# Neck gasket



## Pinchecharlie (Jul 27, 2017)

Woops!


----------



## LLubchenco (Nov 23, 2016)

https://www.youtube.com/watch?v=a7mZv6TdMmQ

That'll help!


----------



## ohioboater (Jun 14, 2016)

Traditional bicycle inner tube patch kit (the kind with the little tube of rubber cement) works wonders for small holes/tears. I had a neck gasket tear on me once in two different places. The bike patches got me through a week long trip and probably would have held for the rest of the season if I hadn't replaced the gasket.


----------



## Pinchecharlie (Jul 27, 2017)

Cool thanks guys!


----------



## Will Amette (Jan 28, 2017)

I have fixed holes with vulcanizing bike tube patches. The patch held the rest of the season. I've made field repairs on tears with duct tape or gorilla tape. Do be aware that the tape doesn't stretch, so it puts more stress on the area around the tape. If it's really bad, we've taped people in their suits, but I prefer to just use a small amount so you can still don and doff the suit.


I had a wrist gasket tear about a year ago without any warning just before we were going to put in. Gorilla tape to the rescue. I didn't even have to dig in my kit as someone standing there peeled a couple inches off of his paddle where he keeps a little emergency supply, and this gave him a reason to refresh it when he got home.


Good luck!


----------



## matt man (Dec 23, 2011)

On the longer expedition type trips, like the GC, I’ve become a big fan of bringing a couple of neck, wrist, and booties along. The NRS tutorials are a great way to learn how to replace gaskets yourself, it is really not that hard. 

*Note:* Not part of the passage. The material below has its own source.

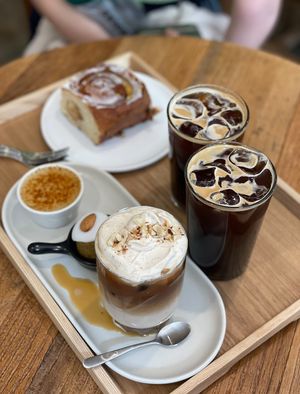 Praline Latte, Ice coffee with fresh coffee beans, Cinnamon roll. So good!   at Nono Shop & Cafe Seoul in Seoul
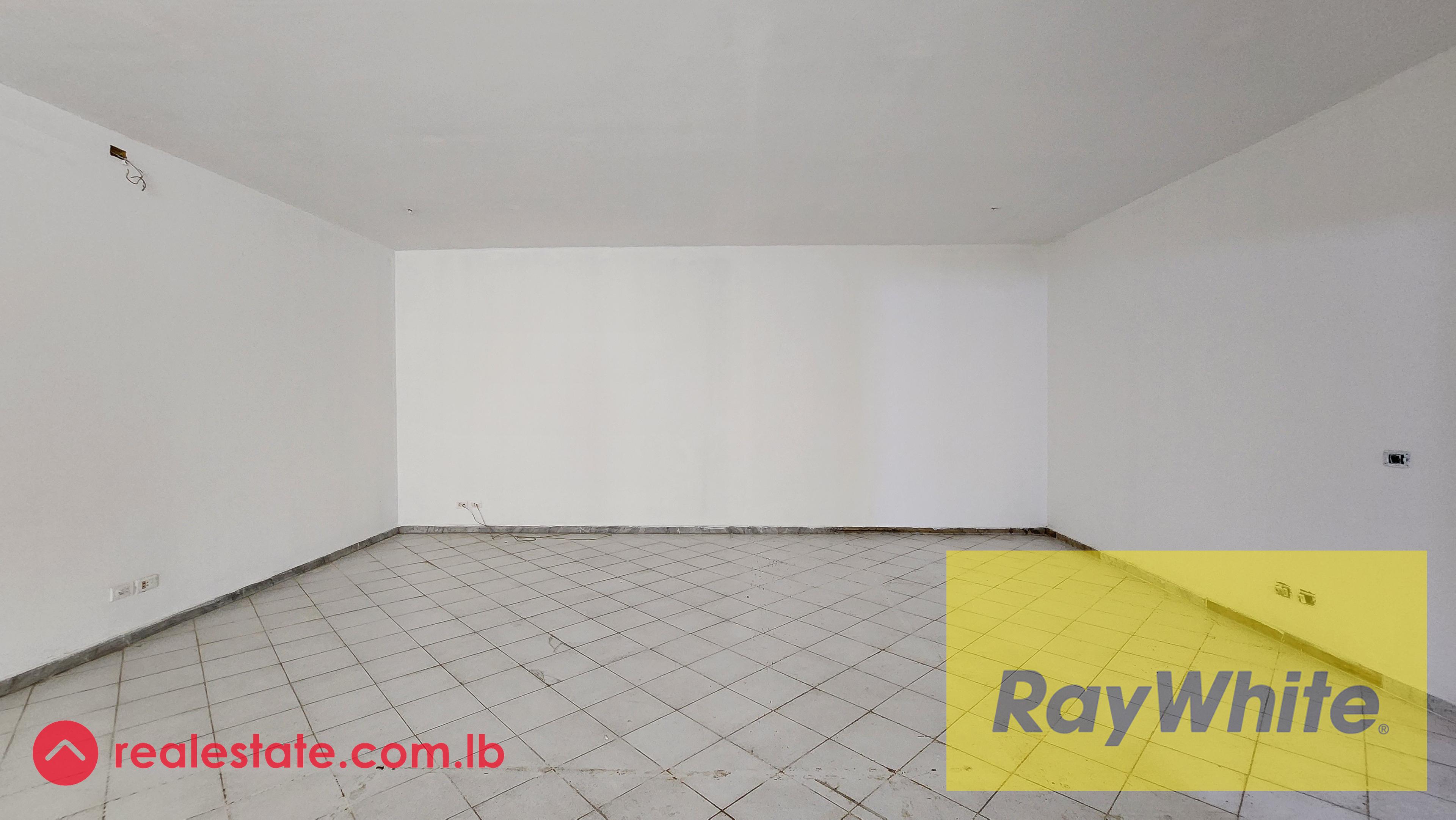 Shop for rent in Achrafieh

I have seen one neck, and two wrists blow out on winter GC trips, on the two wrists, I was able to just help the guy replace them. I’d had some practice doing one on my own drysuite back at my house, and they turned out almost as good as factory.


If you are at all good at fixing things, just buy the materials and do it yourself, that way, when you get to go on one of those epic trips, you will have the experience to just replace the blown out gasket, and stay dry, warm, and happy the rest of the trip!


----------



## matt man (Dec 23, 2011)

Great idea with the bike patches, Will!


----------



## jgrebe (Jan 16, 2010)

If I understand the OP's question I think it's more that he cut too much off the neck gasket and now it leaks. I actually do this on purpose. I then sew a small piece of velcro on the gasket so I can adjust the tightness. Use seam seal on the back of the threads. It makes it a lot easier to get on and off and I hate the too tight gasket around my neck. I'm not a kayaker so not down in the water all the time, but I don't have any leaks with casual use. Might try it - don't have much to loose at this point


----------



## jgrebe (Jan 16, 2010)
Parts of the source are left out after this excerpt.